African nations give Rwandan rebels six months to disarm
LUANDA/KINSHASA, July 3 (Reuters) – African nations have agreed to suspend military operations for six months against Congo-based Rwandan rebels in order to give them more time to lay down their arms, regional government officials said.
The FDLR rebels, composed in part of former soldiers and Hutu militia responsible for killing some 800,000 Tutsis and moderate Hutus during Rwanda’s 1994 genocide, announced in April that they would disarm.

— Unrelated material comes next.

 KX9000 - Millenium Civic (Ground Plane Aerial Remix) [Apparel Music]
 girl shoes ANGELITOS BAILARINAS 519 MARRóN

Some fighters began doing so in May.
The suspension was announced after a meeting in Angola on Wednesday of foreign ministers from a regional bloc including Angola, Burundi, Central African Republic, Republic of Congo, DRC, Kenya, Uganda, Rwanda, South Sudan, Sudan, Tanzania and Zambia.
“The results of this surrender (of FDLR arms) are not sufficient…but still the member states deemed that as acceptable,” Angola’s Foreign Minister Georges Chikoti told national news agency Angop. He said the FDLR’s progress towards disarming would be reviewed after three months.
The FDLR and previous incarnations of the group, whose full name is the Democratic Forces for the Liberation of Rwanda, have operated in Congo’s eastern borderlands since they fled Rwanda following the genocide. They are regularly accused of human rights abuses, including civilian massacres.
PRETEXT FOR INTERVENTION
Their presence along the border has also served as a pretext for Rwandan military interventions in Congo, helping fuel conflict there since the mid-1990s.
Last year, bolstered by a special brigade with a robust mandate to carry out offensive operations, Congo’s U.N. mission, MONUSCO, launched a military campaign against the remaining armed groups operating in the mineral-rich east.
The mission was not immediately available to comment on whether it would also suspend operations against the FDLR.
Congolese government spokesman Lambert Mende said the country’s army would honour the suspension of operations, but it would be ready to act if the FDLR did not live up to its pledges.
“Of course there will be no military operations during the six-month period,” he said. “The military option remains on the table if the FDLR does not show concrete signs of their disarmament within a reasonable period.”
Over 25,000 FDLR fighters have demobilised since 2002, but those numbers have slowed to a trickle in recent years. The estimated 2,000 remaining rebels have hidden among communities in Congo’s dense forests. (Writing by Joe Bavier; Editing by Mark Trevelyan)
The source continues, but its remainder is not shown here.